PCR was performed using an Encyclo PCR Kit mixture according to (Eurogen CJSC) manufacturer's instructions on a RTS-100 Thermal Cycler device (MJ Reseach, USA). Amplification mode: 1) 95 ° С - 3 min and 18 cycles: 95 ° С - 20 sec / gradient 52-65 ° С - 20 sec / 72 ° С - 1 min, final elongation 72 ° С - 5 min. PCR products, sizes 1707, 1538 and 1121 bp accordingly, they were isolated from 1% agarose gel using the Wizard SV Gel and PCR Clean-Up System reagent kit (Promega, USA) according to the manufacturer's protocol, after which they were ligated into the pAL-TA T-vector (Eurogen, Russia ), and E. coli cells were transformed with the obtained ligase mixture as described in Example 1. Transformants were plated on Petri dishes with solid agar medium containing ampicillin, X-Gal and IPTG, and placed in an incubator for 18 hours at 37 ° C. E. coli colonies selected as a result of blue-white screening were analyzed by PCR from clones from primers SP6 (SEQ ID NO: 11) and T7prom (SEQ ID NO: 12). The selected clones were grown in 5 ml of 2xYT-Amp nutrient broth and plasmid DNA was isolated using the Wizard Plus SV Minipreps reagent kit (Promega, USA) according to the manufacturer's protocol, the primary nucleotide sequence of the insertion region of the obtained plasmids pAL-Hygro, pAL-Neo and pAL-Zeo was determined by PCR sequencing using primers SP6 (SEQ ID NO: 11) and T7prom (SEQ ID NO: 12).
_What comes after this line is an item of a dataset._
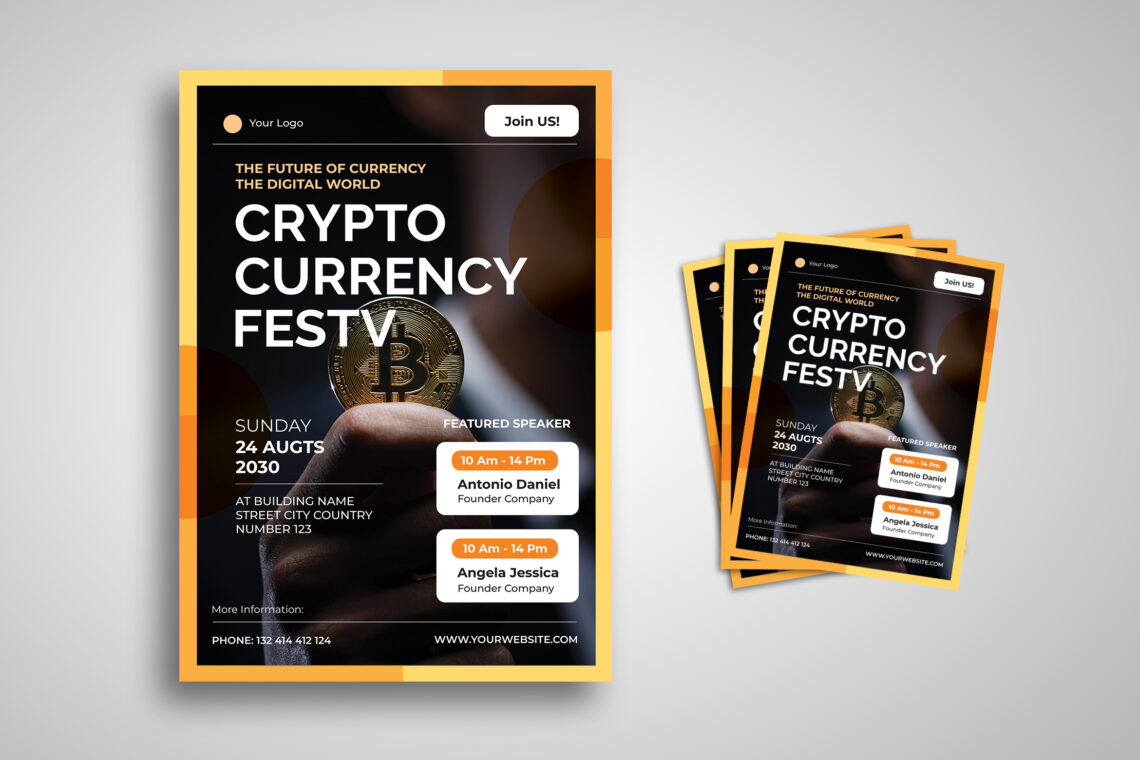 Crypto Currency Festv Flyer-1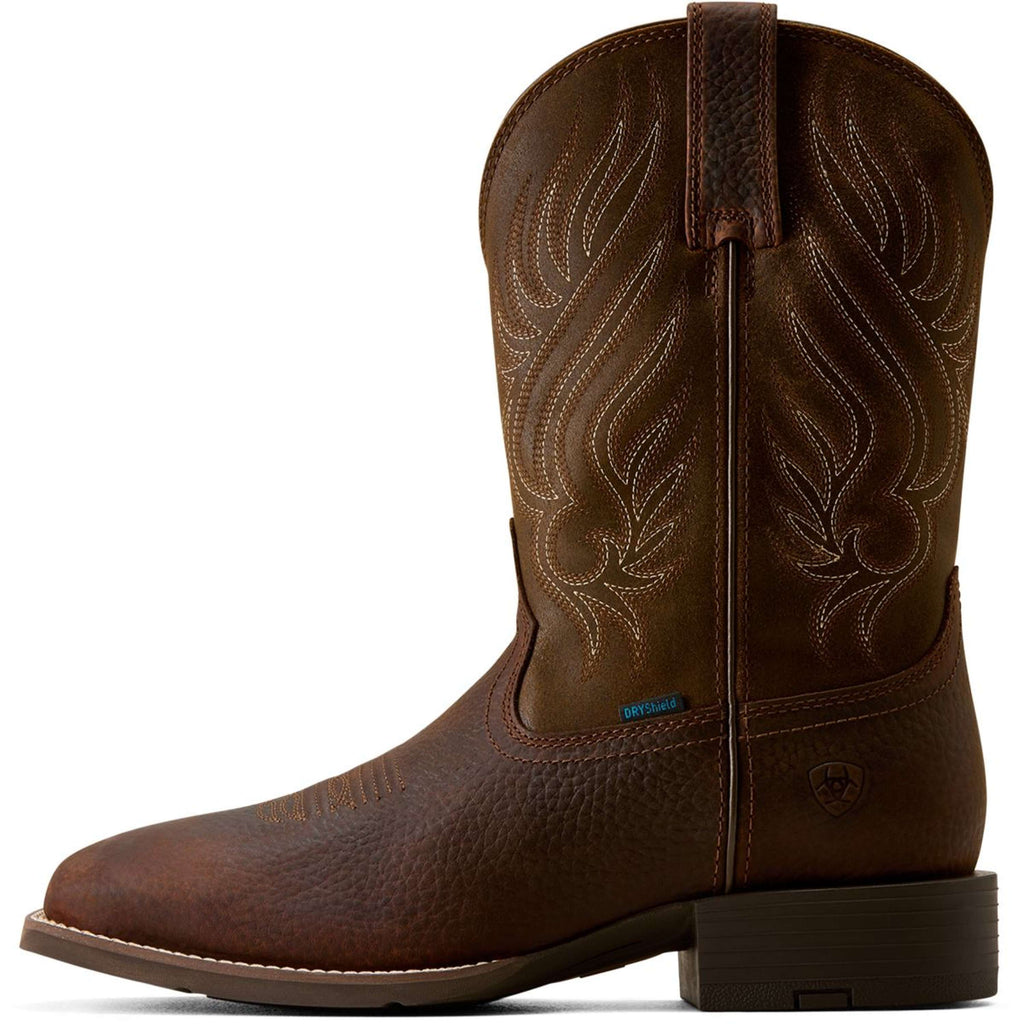 Ariat Westernlaarzen Sport Riggs H2O Heren Copper Kettle/Espresso Tan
Example 3. Obtaining plasmids p1.2 Hygro, p1.2 Neo and p1.2 Zeo for monocistronic expression

To obtain plasmids p1.2 Hygro, p1.2 Neo and p1.2 Zeo, restriction of plasmids pAL-Hygro, pAL-Neo and pAL-Zeo with AscI endonuclease, respectively, was performed and ligated with the acceptor fragment obtained by AscI restriction and de-formation of the recipient plasmid p1. 2 Mono (a plasmid map is shown in Fig. 2, sequence SEQ ID NO: 1). The restriction of donor plasmids with AscI endonuclease was performed for 2 hours at 37 ° C, after which the products of the restriction reaction were separated on a 1% agarose gel and isolated using the Wizard SV Gel & PCR Clean-Up System no reagent kit according to the manufacturer's method. The recipient plasmid p1.2 Mono was restriction 2 hours at 37 ° C, then the enzyme was inactivated by heating at 65 ° C for 20 minutes and dephosphorylation was performed with alkaline phosphatase (Fermentas, Lithuania) according to the manufacturer's protocol. Alkaline phosphatase was inactivated by heating to 85 ° C for 20 minutes. Restricted and dephosphorylated plasmid was reprecipitated with 3 volumes of ethanol, centrifuged for 10 minutes at a speed of 13200 rpm at room temperature, the precipitate was washed with 70% alcohol, dissolved in water and used to set up a ligation reaction at a working concentration of 10 ^-2 μg / μl. The ligation reaction of the purified donor fragments and the recipient plasmid and the transformation of E. coli strain DHSa by ligates were carried out as described in Example 1. E. coli colonies were analyzed by PCR from clones from primers AD-HYG-AscIR (SEQ ID NO: 9) and 3CHEF6 -F (SEQ ID NO: 13), selecting clones with plasmid DNA containing the target insert in the desired orientation (clones with co-directed promoters of the selection marker and target protein genes were selected). Selected clones were grown in 5 ml of 2xYT-Amp nutrient broth, plasmid DNA was isolated with the Wizard Plus SV Minipreps kit. The nucleotide sequence was verified by PCR sequencing from the primers AD-HYG-AscIF (SEQ ID NO: 9) and AD-HYG-AscIR (SEQ ID NO: 10).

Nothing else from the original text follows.